In this post, I’m implementing the word2vec architecture with Tensorflow and using it to learn word embeddings for a large subset of the Pāli Canon, the oldest collection of Buddhist scriptures. I’ll show results comparable to the original implementation, and along the way will highlight some interesting structure that emerges from the text.

The Pāli Canon

The Pāli Canon is the portrayal of Buddhist philosophy closest to the original teachings of Gautama Buddha, who lived between the 4th and 6th centuries BCE. After generations of oral transmission by monks, it was committed to writing in the Pāli language in 29 BCE, complete with its distinctively lyrical, repetitive style that made it ideal for memorization and chanting. In addition to elucidating the foundations of Buddhist thought, text in the Pāli Canon reveals insights into a wide cross section of life in India at the end of the Vedic period, a time of significant social, political, philosophical and religious change.

Specifically, I am examing one the three divisions of the Pāli Canon called the Sutta Pitaka. The Sutta Pitaka is a collection of suttas (or sutras), which are typically discourses, poetry and other short writings. They are usually delivered by the Buddha himself and include sermons, instructions and training for monks, debates with other religious thinkers of the era, and conversations with a whole galaxy of people, from homeless wanderers to kings and celestial beings.

Though only a portion of the Canon, the Sutta Pitaka is of significant length, with authoritative English translations of just four of the five books coming to over 6,000 pages. There is no chronological ordering of suttas between or within books, so systematic study requires some expert guidance to sequence. Only a loose grouping by theme or intended audience can be found in some places.

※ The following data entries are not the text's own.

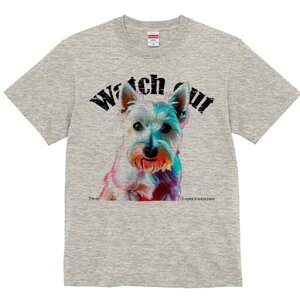 EGXgnChzCgeA TVc fB[X t@  t  vg JWA 킢 lԗp h ̃fUC ʔ EGXgnChzCgeA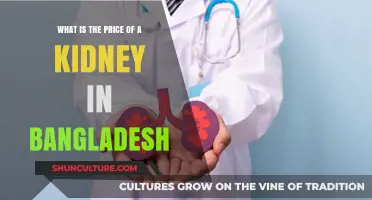 Kidney Trade in Bangladesh: Unveiling the Cost and Ethical Concerns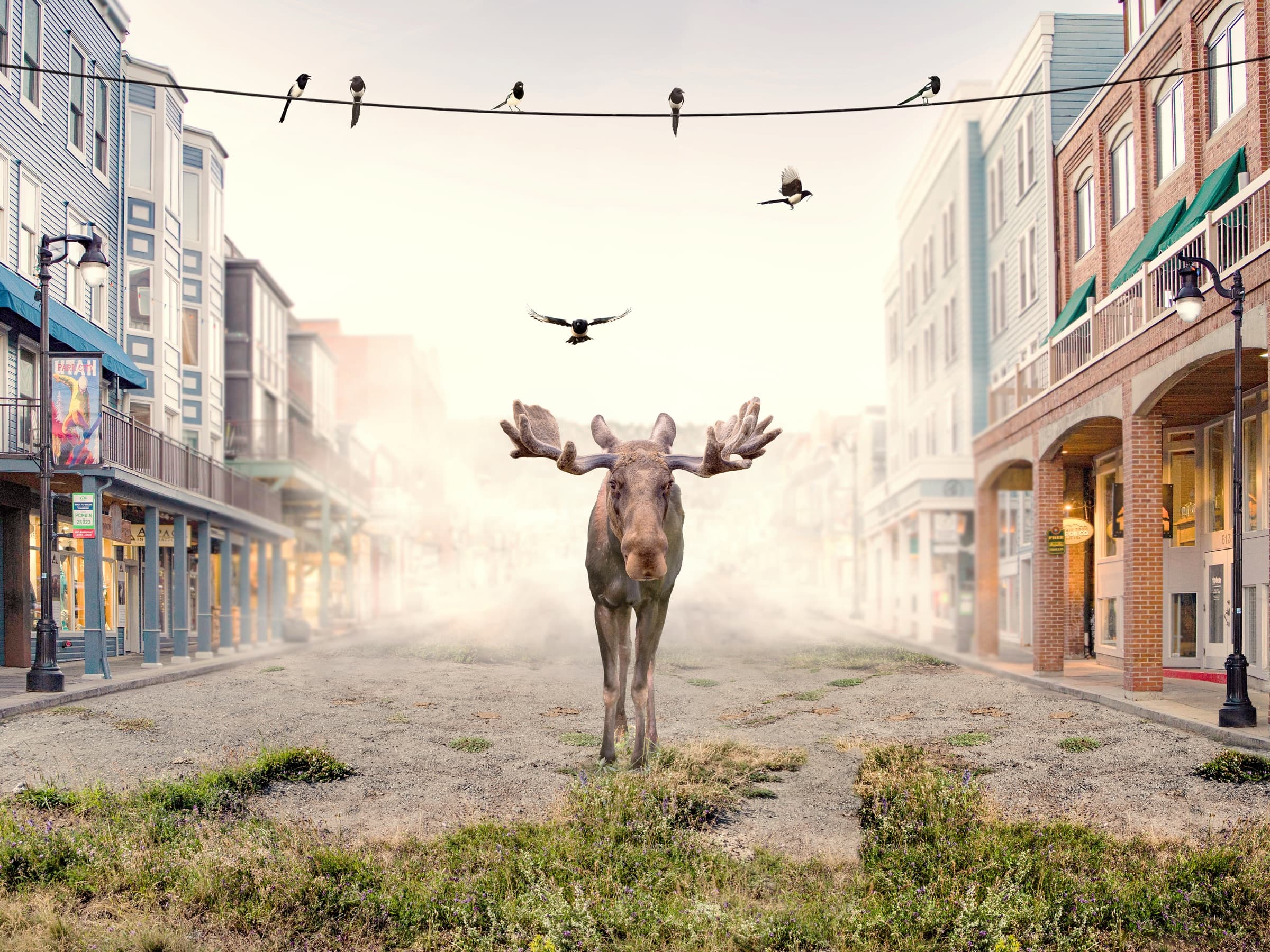 Moose On Main, limited edition fine art print by Dana Klein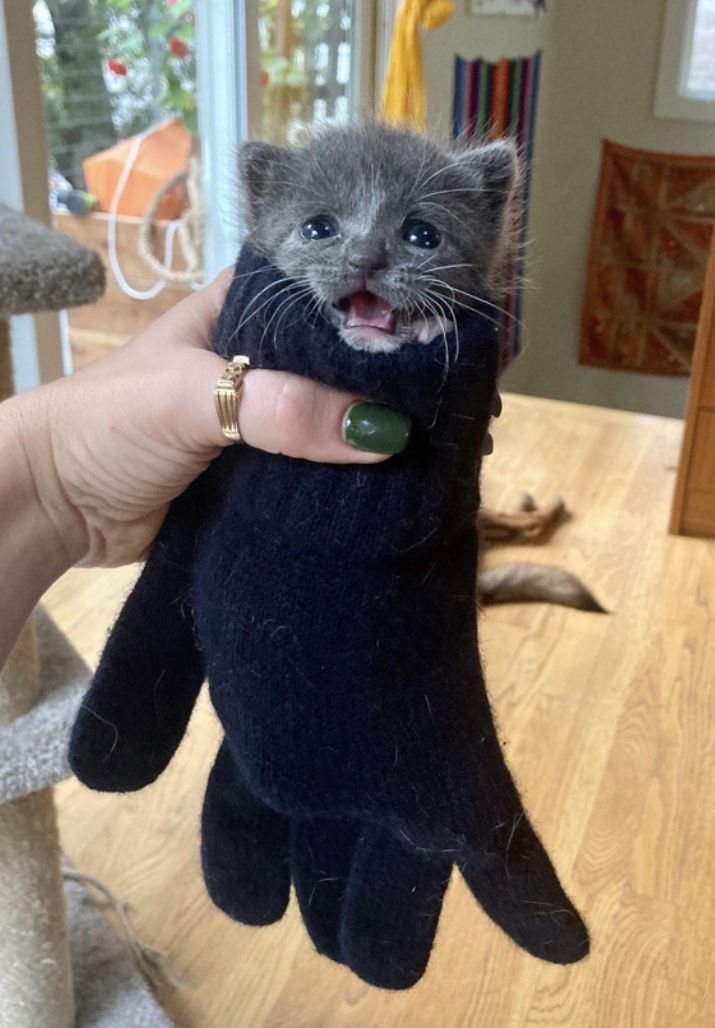 💖 James tweet media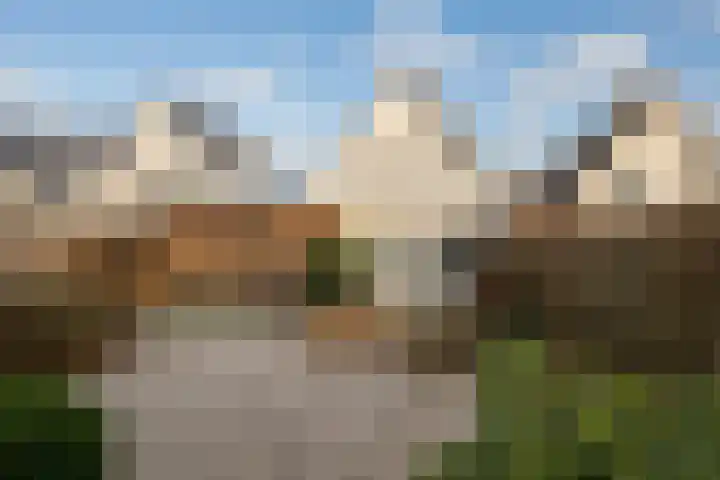 Weegbree 4 Opmeer foto 3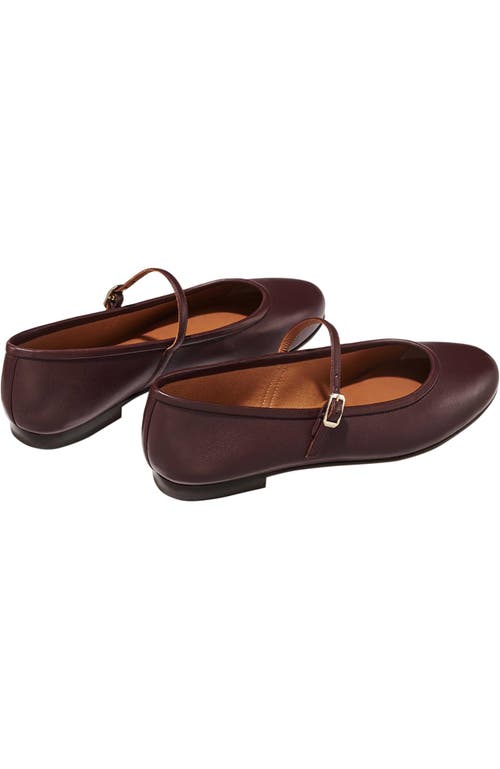 Margaux The Demi Jane In Purple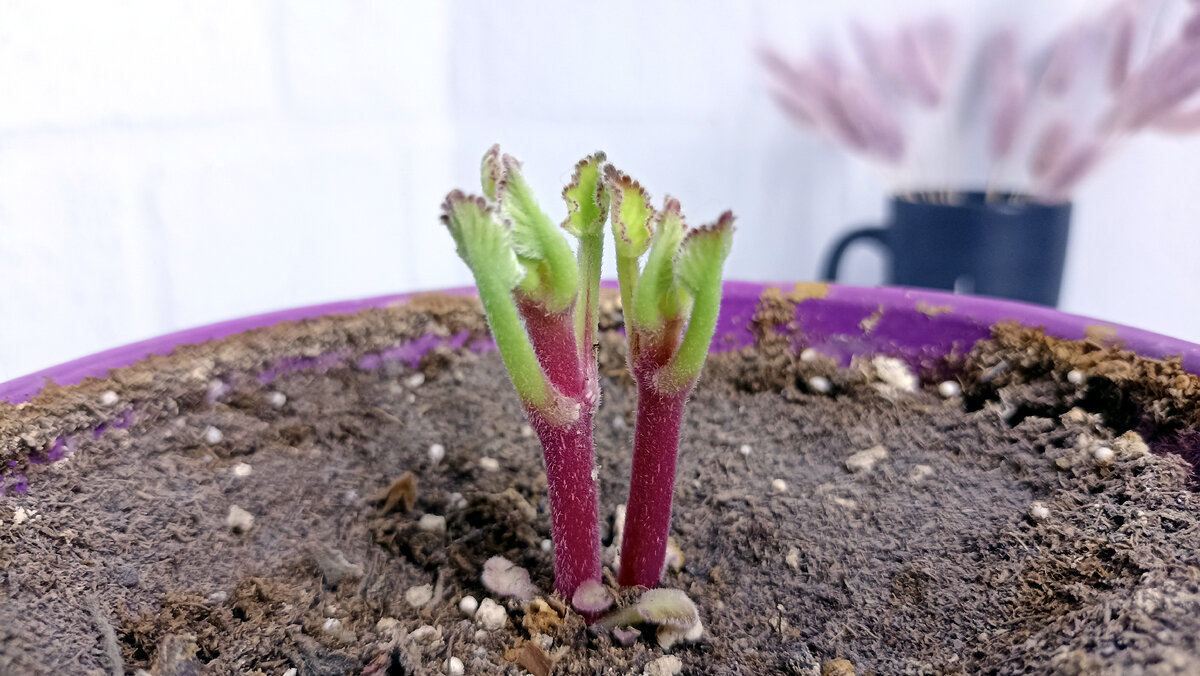 Растение из этой публикации - по-правильному называется "синнингия прекрасная". Где "прекрасная" - это не мой эпитет, а название вида. Но и "тидея", и "глоксиния" - слова-синонимы, пусть и неверные с точки зрения ботанического справочника. Гибридные глоксинии, украшающие наши дома сегодня, выведены на основе видовой синнингии прекрасной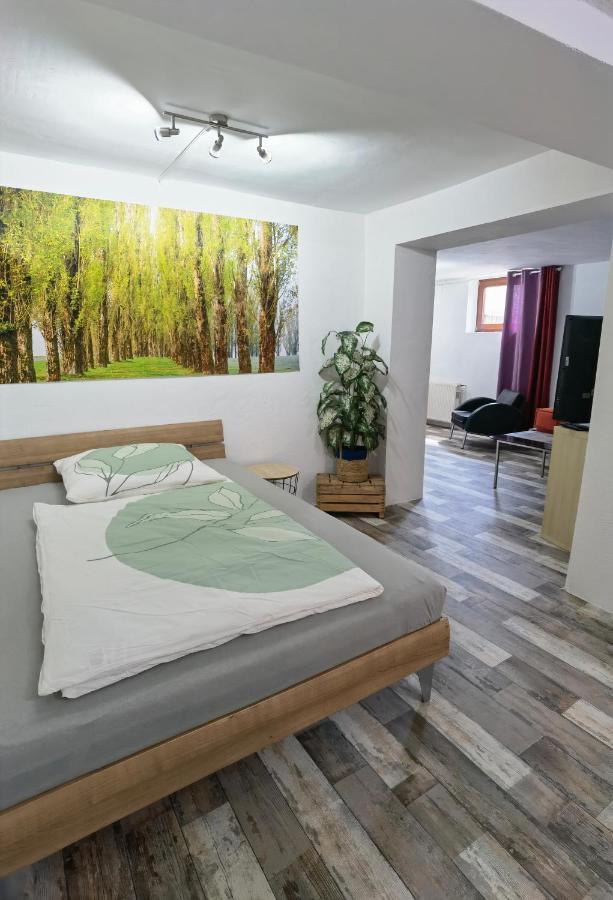 Ferienwohnung - Appartement "Painted Horse" Im Herzen Des Pfaelzer Waldes Reichenbach-Steegen Bagian luar foto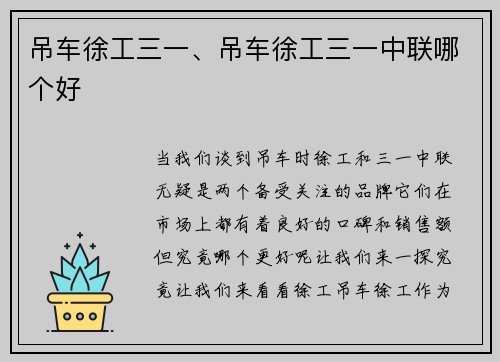 吊车徐工三一、吊车徐工三一中联哪个好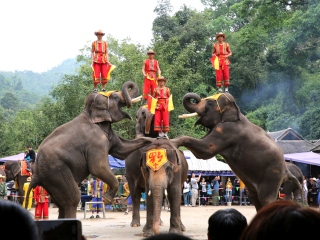 到丽江旅游线路_丽江纯玩旅游团_旅游团丽江旅游
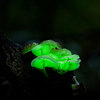 Glow-in-the-Dark Mushrooms Growing Kit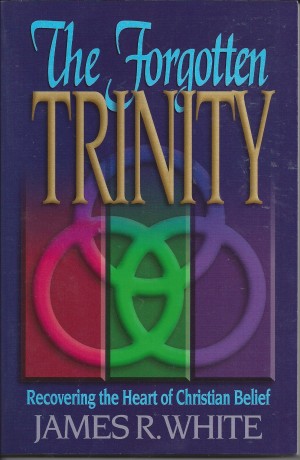 The Forgotten Trinity  Recovering The Heart Of Christian Belief    Front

A large subset of the Sutta Pitaka is available from Access to Insight (ATI), an online archive of Theravada Buddhism, which conveniently provides a whole-website download.

Word Embeddings

The machine learning model used here is an implementation of word2vec. Word2vec generates word embeddings, which map words to feature vectors such that words appearing in similar contexts are close neighbors in the vector space. Before word embeddings were widely used, features for words in natural language processing (NLP) typically had much higher dimensionality: one feature per word for many thousands or tens of thousands of words, as opposed to a denser vector space of a few hundred dimensions. Per-word features were often extremely sparse and were lost important contextual information that word embeddings preserve. Although introduced over a decade ago, recent improvements in quality and training speed have recently made them one of the most powerful NLP tools in use today.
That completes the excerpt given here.